M. Stéphane Piednoir, sénateur, président de l'Office. - Il faut être poli également sur ce point. Nous sommes plutôt en faveur de votre deuxième option. L'enveloppe est insuffisante et étalée sur trois ans. Du côté français, c'est 100 millions étalés sur trois ans.

Le salaire et les conditions de travail d'un chercheur français sont sans commune mesure avec ce que la recherche privée, notamment aux États-Unis, peut offrir.

Il y a eu une annonce, une volonté européenne de lancer quelque chose, mais cela n'ira pas très loin. Je ne pense pas qu'on attirera beaucoup de chercheurs américains avec ce montant en France.

Cependant, il y a un vrai sujet concernant les chercheurs qui se destinaient à partir. Chaque année, on produit des doctorants, des post-doctorants qui aspirent naturellement à aller aux États-Unis. Comment peut-on les aider ? Pour eux, c'est une vraie rupture à très court terme.

La loi de programmation de la recherche (LPR) pourra peut-être être consolidée. Le processus de révision de la LPR, annoncé par le ministre pour cette année, pourrait aborder le sujet de ceux qui ne peuvent pas faire leur mobilité internationale aux États-Unis.

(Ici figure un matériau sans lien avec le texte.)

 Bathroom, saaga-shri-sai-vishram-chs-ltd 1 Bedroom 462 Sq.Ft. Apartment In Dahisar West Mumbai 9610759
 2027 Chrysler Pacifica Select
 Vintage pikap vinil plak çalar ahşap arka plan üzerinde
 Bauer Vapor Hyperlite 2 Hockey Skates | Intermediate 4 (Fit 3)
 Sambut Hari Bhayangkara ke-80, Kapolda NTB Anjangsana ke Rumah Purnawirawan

M. Pierre Henriet, député, premier vice-président de l'Office. - Une précision s'impose, car nous avons abordé le sujet à plusieurs reprises, notamment les annonces qui ont été faites deux jours avant la réunion du Conseil scientifique. Certains chercheurs ont perçu ces annonces comme une provocation, car les budgets actuels ne sont pas à la hauteur des enjeux, notamment en termes de rémunération de carrière pour les chercheurs français. Cela ressortait des échanges informels que nous avons eus. Il faut toujours être vigilant sur ces éléments budgétaires.

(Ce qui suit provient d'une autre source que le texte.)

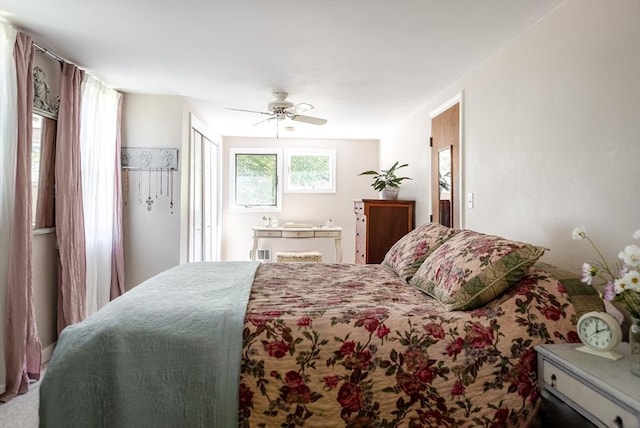 bedroom with ceiling fan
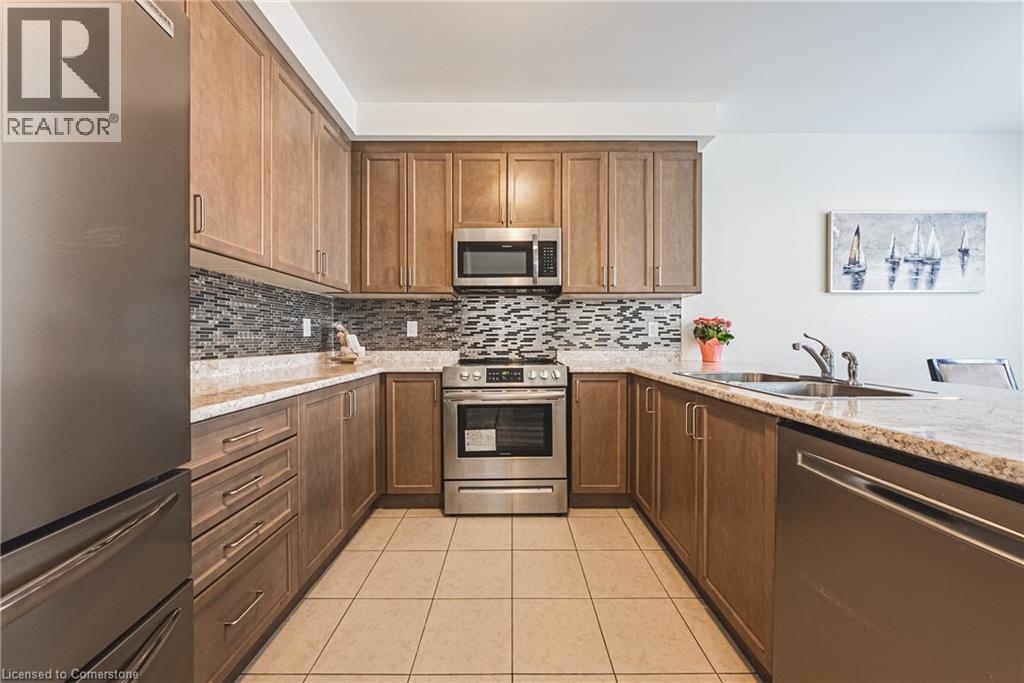 Photo 14 of 728 Kennedy Circle W, Milton ON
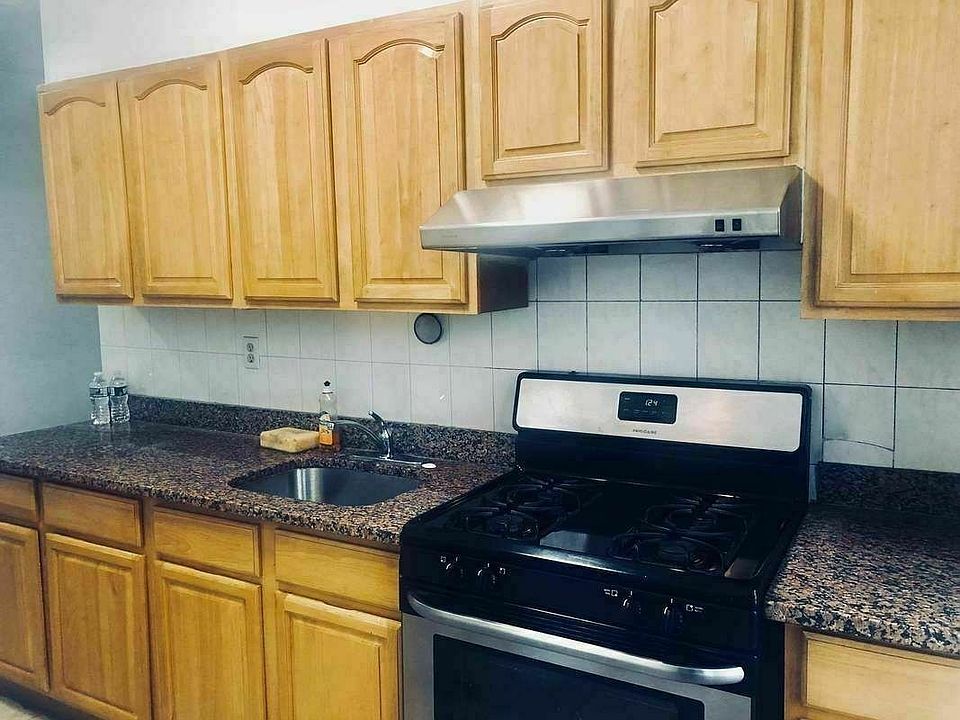 2nd image of 6923 20th Ave APT 3R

M. Stéphane Piednoir, sénateur, président de l'Office. - Après ces échanges, je vous demande l'autorisation de publier les conclusions que vous avez reçues avec l'intégralité du compte rendu de la réunion du 15 mai. Je vous remercie.

L'Office adopte les conclusions de la réunion du Conseil scientifique et autorise la publication, sous forme de rapport, du compte rendu de la réunion et de ces conclusions.